Debate has raged over England's number seven shirt, with Chris Robshaw, captain during the team's woeful World Cup, set to be switched to the blindside for the RBS 6 Nations after failing to convince Jones of his capabilities on the openside flank.
The Australian has mentioned Wasps captain Haskell as a possible starter at seven in the Calcutta Cup clash with Scotland on February 6.
Haskell, whose main focus is Saturday's Champions Cup contest with Leinster, has not spoken to Jones about his anticipated role.
But the 30-year-old thinks shirt numbers are largely irrelevant, with back-row balance imperative.
Haskell said: "People have got so obsessed about seven, six-and-a-half. It's bulls***. It doesn't matter.
"The most important part of a back row is the balance and people have got to stop worrying about what numbers you've got on a shirt.
"You've got to each be exponents of all areas and this obsession with it has got to stop. It's not realistic.
"People haven't seen that the modern game has completely changed from what's in the past. A seven now has a different role."
Haskell conceded England could have been better at the breakdown during the World Cup, where group-phase defeats to Wales and Australia saw the hosts' tournament come to a premature end.
Sam Warburton of Wales and David Pocock of Australia are masters at the breakdown, while there was much conjecture about the exclusion of Steffon Armitage from England duty.
Armitage plays his club rugby for Toulon and England only select overseas players in "exceptional circumstances".
Pocock and New Zealand's World Cup-winning captain Richie McCaw, who is now retired, had "free rein", Haskell says, to work on the breakdown.
Haskell added: "I have never - and neither has any England player - been given the free remit to run around at the back of the defensive line and come in and do that.
"(And) it doesn't necessarily suit the team unless you have an unbelievable exponent, like someone like Pocock.
"Wherever I've played, whether that be seven or anywhere else, you only affect the breakdowns that are in front of you, you don't go looking for them. It's detrimental to the side.
"George (Smith) puts his tackles in, but he will hover around, let someone else do the work and then get on the ball.
"That's not my game. My game is being a destructive tackler, that's what brings the best out of me. You've got to find a balance."
Haskell has played the majority of his rugby at openside in recent years, until "ultimate seven" Smith arrived at Wasps last summer.
The 62-times-capped England back-row has asked former Australia flanker Smith for additional tuition.
"He's naturally quite a quiet guy but I try my best to get all the secrets out of him and he has been very willing to help," Haskell added.
Smith will help out his former coach Jones and England, with the blessing of Wasps, on an informal basis, beginning next Wednesday.
"He's doing it out of friendship," Jones said.
"He's one of the best defence breakdown forwards in the world. He will help our aspiring number sevens."
Haskell added: "Anyone with a world-class pedigree like George has would be a great asset.
"He's played at more clubs than Madonna. He'll only add to any environment."

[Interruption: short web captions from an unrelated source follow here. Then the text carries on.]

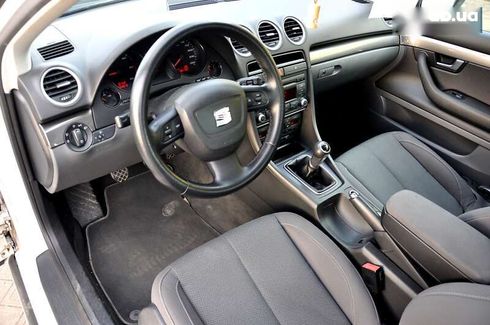 SEAT Exeo 2011 - фото 16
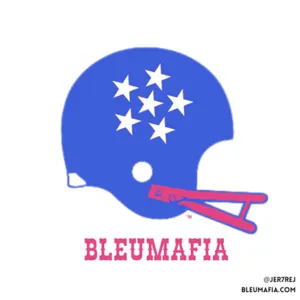 #BLEUMAFIA Ep 6 - Preseason Finale / Cut Preview | Top 5 AFC/NFC Teams Heading Into Regular SZN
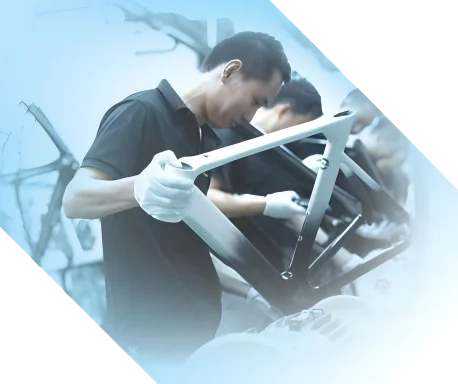 Pourquoi la fibre de carbone est l’avenir de l’équipement sportif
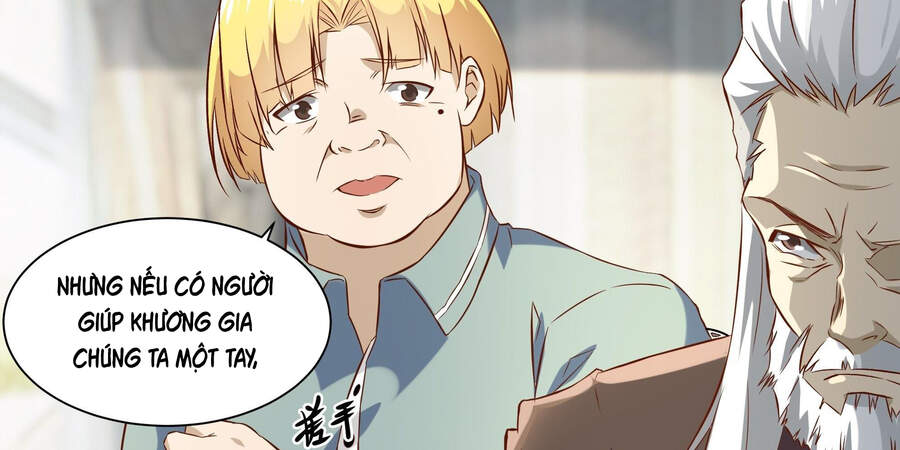 Ba Tôi Là Chiến Thần Chapter 17 - 128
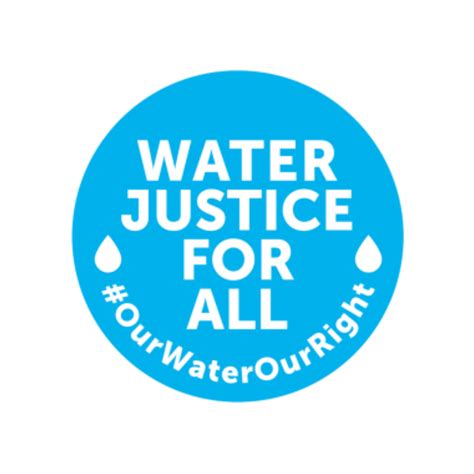 Africa Water Week Of Action Our Water Our Right Coalition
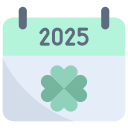 2025 icon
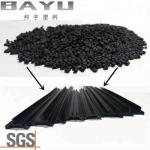Polyamide 25% Fiberglass Granules Reinforced Nylon Material Recycling Material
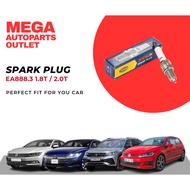 SPARK PLUG EA888.3 1.8T / 2.0T - VOLKSWAGEN PASSAT B8 / ARTEON / GOLF MK7 GTI / TIGUAN MK2 2.0T 06K9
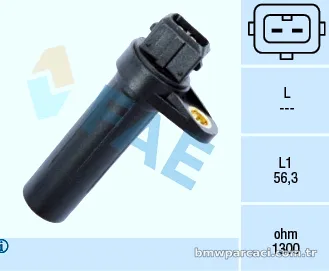 FAE 79221 Krank Sensörü - FAE - 79221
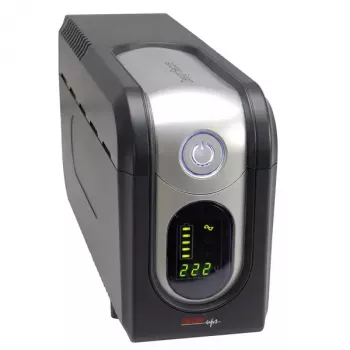 UPS ROLINE DesignSecure 625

Wasps' last-gasp loss at Toulon last Sunday has taken their qualification for the last eight of the Champions Cup to the final round of fixtures, when Leinster visit the Ricoh Arena.
The hosts can advance as Pool Five winners, or as one of three best runners-up.
"I'm sure people never gave us a chance of coming out of the Pool of Death but to get into the last eight would mean the world to the club," Haskell said.
"We have the ability to do it - I back us to beat anyone - but if we weren't to make it through it would probably be because we have been our own worst enemy at times."